▶ [Problem to solve] Once you find the line with "a view of a" in the data that follows, repeat it and every line after it exactly, through the line with "Detail of irregular".

▶ [Dataset records]
════════════════════

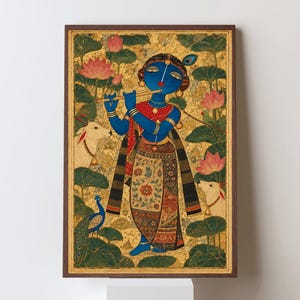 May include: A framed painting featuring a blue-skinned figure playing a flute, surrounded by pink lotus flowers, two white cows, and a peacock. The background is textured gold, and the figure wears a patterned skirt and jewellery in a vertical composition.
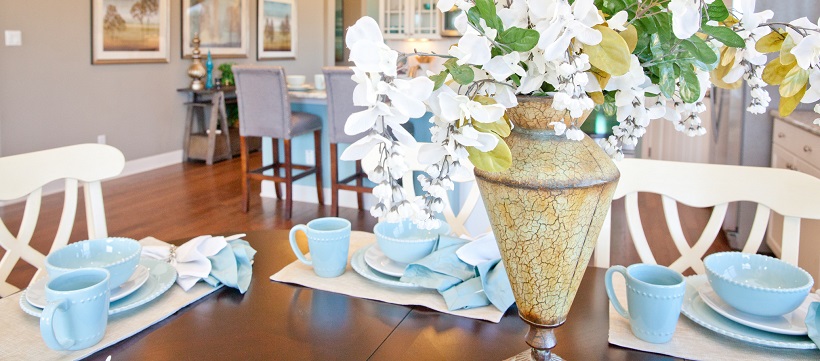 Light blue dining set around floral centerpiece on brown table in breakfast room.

════════════════════

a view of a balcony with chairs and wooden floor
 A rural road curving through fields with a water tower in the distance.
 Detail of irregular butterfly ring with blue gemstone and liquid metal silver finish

════════════════════

▶ [Exercise output]
a view of a balcony with chairs and wooden floor
 A rural road curving through fields with a water tower in the distance.
 Detail of irregular butterfly ring with blue gemstone and liquid metal silver finish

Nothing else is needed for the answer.